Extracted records
Start of Block
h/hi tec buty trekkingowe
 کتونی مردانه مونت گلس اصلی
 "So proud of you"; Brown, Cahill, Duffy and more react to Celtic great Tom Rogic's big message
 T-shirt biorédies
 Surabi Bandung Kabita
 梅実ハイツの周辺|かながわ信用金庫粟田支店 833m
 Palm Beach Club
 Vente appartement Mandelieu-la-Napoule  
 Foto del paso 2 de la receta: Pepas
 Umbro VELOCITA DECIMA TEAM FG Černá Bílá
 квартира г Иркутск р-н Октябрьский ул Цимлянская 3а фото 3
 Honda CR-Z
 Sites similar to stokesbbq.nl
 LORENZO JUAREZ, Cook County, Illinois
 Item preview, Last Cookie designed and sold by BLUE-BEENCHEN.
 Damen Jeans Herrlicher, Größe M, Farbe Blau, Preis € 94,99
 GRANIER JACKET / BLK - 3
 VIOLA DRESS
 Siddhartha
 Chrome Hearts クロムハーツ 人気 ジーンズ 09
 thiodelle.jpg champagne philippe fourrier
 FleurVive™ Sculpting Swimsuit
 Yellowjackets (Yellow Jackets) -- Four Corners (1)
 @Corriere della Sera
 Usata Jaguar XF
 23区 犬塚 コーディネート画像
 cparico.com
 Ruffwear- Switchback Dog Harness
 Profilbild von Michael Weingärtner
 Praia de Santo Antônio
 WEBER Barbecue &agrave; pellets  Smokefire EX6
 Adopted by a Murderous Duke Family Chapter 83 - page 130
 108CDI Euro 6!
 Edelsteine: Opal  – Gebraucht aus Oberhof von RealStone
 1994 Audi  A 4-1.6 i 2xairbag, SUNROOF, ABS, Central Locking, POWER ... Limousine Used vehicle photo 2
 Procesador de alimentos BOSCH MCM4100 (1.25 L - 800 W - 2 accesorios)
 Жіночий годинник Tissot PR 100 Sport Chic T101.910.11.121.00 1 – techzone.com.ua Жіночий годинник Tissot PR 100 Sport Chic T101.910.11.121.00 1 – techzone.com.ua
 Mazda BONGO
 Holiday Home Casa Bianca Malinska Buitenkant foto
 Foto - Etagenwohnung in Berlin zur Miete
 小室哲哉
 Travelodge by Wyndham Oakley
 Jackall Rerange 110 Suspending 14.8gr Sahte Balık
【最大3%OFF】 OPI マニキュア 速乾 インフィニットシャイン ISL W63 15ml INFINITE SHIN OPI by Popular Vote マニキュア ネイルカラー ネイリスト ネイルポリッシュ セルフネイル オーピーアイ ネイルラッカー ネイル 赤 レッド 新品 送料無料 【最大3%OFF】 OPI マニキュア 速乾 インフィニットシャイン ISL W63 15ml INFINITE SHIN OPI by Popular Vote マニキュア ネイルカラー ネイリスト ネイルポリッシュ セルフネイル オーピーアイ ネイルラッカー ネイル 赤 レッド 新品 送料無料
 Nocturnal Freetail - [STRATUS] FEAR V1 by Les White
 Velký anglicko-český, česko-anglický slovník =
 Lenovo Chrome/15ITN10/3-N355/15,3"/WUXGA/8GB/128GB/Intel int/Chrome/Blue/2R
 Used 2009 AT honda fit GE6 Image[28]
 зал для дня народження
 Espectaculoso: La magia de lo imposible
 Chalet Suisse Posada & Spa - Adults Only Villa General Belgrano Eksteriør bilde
End of Block
* **PROBLEM DESCRIPTION**:
From the data above, pick out each line containing "Chrome" and copy it.

* **ANSWER TO THIS TASK**:
 Chrome Hearts クロムハーツ 人気 ジーンズ 09
 Lenovo Chrome/15ITN10/3-N355/15,3"/WUXGA/8GB/128GB/Intel int/Chrome/Blue/2R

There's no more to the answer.